### [GIVEN ENTRIES]
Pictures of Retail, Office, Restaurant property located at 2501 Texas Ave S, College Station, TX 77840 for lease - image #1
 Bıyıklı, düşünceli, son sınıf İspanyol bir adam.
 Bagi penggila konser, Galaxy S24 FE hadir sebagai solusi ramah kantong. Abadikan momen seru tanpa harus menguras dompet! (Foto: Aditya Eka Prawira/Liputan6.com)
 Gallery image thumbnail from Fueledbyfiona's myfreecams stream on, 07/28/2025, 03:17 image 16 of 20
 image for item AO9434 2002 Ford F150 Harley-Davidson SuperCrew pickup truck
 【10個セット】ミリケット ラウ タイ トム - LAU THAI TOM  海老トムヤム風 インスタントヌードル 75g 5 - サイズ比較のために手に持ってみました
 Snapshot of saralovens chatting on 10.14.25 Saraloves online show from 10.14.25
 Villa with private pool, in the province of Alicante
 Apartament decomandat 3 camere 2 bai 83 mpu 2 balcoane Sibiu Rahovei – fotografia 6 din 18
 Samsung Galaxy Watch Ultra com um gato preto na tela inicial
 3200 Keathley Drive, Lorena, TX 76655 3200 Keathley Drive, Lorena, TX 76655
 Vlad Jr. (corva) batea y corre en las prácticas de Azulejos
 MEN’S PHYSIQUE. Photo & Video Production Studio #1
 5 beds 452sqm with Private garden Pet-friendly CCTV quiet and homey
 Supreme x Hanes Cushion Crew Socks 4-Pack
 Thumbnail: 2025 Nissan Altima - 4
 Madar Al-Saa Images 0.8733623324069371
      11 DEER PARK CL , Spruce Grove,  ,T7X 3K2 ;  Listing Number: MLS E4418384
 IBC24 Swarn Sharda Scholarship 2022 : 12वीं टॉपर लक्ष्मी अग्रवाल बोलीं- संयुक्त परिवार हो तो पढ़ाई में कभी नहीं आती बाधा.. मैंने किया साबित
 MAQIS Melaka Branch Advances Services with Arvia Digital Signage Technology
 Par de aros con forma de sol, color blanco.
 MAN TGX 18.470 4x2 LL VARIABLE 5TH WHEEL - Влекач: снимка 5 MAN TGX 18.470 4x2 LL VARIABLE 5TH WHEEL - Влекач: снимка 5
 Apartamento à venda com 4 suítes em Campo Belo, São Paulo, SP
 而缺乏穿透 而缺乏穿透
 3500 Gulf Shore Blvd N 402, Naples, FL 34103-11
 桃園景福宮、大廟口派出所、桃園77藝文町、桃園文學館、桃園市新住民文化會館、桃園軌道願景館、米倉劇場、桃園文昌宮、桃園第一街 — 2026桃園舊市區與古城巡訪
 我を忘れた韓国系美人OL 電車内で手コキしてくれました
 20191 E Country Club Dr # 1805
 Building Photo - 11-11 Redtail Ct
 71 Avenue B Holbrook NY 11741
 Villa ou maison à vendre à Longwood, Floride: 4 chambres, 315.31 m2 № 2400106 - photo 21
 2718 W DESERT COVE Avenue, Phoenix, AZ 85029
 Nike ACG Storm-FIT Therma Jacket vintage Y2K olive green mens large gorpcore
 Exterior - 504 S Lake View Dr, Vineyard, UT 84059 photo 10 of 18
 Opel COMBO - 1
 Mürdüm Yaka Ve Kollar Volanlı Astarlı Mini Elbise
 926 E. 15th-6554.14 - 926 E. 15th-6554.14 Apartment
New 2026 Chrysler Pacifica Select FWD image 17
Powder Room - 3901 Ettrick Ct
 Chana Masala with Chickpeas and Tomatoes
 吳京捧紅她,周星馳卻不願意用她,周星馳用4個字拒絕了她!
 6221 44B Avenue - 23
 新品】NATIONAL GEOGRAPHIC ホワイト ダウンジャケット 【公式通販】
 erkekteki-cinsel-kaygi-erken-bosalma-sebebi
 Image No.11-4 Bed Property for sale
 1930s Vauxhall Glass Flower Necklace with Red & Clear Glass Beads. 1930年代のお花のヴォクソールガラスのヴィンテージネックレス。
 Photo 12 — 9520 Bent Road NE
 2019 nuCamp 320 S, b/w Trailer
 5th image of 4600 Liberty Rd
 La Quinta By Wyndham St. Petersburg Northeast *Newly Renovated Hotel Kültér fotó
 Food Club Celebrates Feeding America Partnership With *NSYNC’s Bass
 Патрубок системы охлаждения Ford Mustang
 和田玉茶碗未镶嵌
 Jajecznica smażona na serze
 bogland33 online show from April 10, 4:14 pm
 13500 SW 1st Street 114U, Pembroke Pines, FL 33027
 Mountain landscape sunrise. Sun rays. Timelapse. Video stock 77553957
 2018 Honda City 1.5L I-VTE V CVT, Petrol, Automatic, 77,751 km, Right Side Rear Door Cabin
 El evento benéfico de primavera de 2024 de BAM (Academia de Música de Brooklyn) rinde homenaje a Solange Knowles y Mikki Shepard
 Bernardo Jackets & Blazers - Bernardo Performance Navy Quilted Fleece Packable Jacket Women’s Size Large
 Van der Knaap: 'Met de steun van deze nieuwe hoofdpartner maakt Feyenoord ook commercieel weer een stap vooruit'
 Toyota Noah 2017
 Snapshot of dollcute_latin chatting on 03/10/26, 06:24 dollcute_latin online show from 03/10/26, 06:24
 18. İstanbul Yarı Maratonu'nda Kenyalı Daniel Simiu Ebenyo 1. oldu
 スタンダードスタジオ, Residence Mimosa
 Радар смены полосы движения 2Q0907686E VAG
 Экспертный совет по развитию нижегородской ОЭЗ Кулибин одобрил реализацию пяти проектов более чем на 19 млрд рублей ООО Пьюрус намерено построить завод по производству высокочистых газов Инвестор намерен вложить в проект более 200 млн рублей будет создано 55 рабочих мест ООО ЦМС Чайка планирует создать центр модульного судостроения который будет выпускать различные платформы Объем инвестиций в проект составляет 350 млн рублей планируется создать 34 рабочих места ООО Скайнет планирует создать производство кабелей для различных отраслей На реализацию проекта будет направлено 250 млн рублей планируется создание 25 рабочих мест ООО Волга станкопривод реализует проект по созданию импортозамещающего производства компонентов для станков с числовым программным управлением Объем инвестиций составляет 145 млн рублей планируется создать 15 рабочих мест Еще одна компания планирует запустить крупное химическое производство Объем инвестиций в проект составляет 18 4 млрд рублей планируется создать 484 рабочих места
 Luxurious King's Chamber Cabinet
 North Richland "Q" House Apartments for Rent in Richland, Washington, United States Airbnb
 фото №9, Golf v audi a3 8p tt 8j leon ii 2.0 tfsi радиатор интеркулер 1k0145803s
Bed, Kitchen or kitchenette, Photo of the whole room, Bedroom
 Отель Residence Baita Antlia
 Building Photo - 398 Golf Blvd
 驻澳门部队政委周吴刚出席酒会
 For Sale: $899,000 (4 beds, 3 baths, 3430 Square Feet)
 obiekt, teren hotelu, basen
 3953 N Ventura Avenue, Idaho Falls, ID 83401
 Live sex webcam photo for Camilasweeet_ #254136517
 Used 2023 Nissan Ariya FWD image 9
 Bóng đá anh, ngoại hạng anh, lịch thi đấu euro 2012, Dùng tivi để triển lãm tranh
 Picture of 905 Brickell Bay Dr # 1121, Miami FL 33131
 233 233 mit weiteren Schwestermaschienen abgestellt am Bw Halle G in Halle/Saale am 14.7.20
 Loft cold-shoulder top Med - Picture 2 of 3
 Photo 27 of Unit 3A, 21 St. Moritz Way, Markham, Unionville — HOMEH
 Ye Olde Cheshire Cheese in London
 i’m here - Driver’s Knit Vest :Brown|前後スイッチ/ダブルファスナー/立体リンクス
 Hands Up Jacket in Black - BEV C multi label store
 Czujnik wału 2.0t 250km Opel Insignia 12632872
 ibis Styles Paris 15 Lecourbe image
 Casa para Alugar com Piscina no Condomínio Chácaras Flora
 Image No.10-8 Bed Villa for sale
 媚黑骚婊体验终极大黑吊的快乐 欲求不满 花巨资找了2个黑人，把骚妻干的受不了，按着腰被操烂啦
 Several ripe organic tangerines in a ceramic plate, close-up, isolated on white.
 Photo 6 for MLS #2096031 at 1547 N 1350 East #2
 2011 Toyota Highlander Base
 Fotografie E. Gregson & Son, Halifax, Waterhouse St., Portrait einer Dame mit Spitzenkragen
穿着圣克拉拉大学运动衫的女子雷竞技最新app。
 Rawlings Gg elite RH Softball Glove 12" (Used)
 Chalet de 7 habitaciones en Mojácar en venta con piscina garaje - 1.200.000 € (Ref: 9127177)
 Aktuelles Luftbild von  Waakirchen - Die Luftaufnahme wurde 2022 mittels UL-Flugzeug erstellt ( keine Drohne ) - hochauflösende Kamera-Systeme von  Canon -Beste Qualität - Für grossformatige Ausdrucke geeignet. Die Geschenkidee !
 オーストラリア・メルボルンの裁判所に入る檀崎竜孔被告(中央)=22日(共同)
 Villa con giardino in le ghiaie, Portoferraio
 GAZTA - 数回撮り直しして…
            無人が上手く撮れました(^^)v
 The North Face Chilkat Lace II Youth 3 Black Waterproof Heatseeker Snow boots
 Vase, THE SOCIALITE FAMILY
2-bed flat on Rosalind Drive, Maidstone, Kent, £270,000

### [YOUR ASSIGNMENT]
Write out exactly the lines above from the line with "El evento benéfico" through the line with "Bernardo Jackets &", both of them included, and leave out all other lines.

### [ANSWER BOX]
 El evento benéfico de primavera de 2024 de BAM (Academia de Música de Brooklyn) rinde homenaje a Solange Knowles y Mikki Shepard
 Bernardo Jackets & Blazers - Bernardo Performance Navy Quilted Fleece Packable Jacket Women’s Size Large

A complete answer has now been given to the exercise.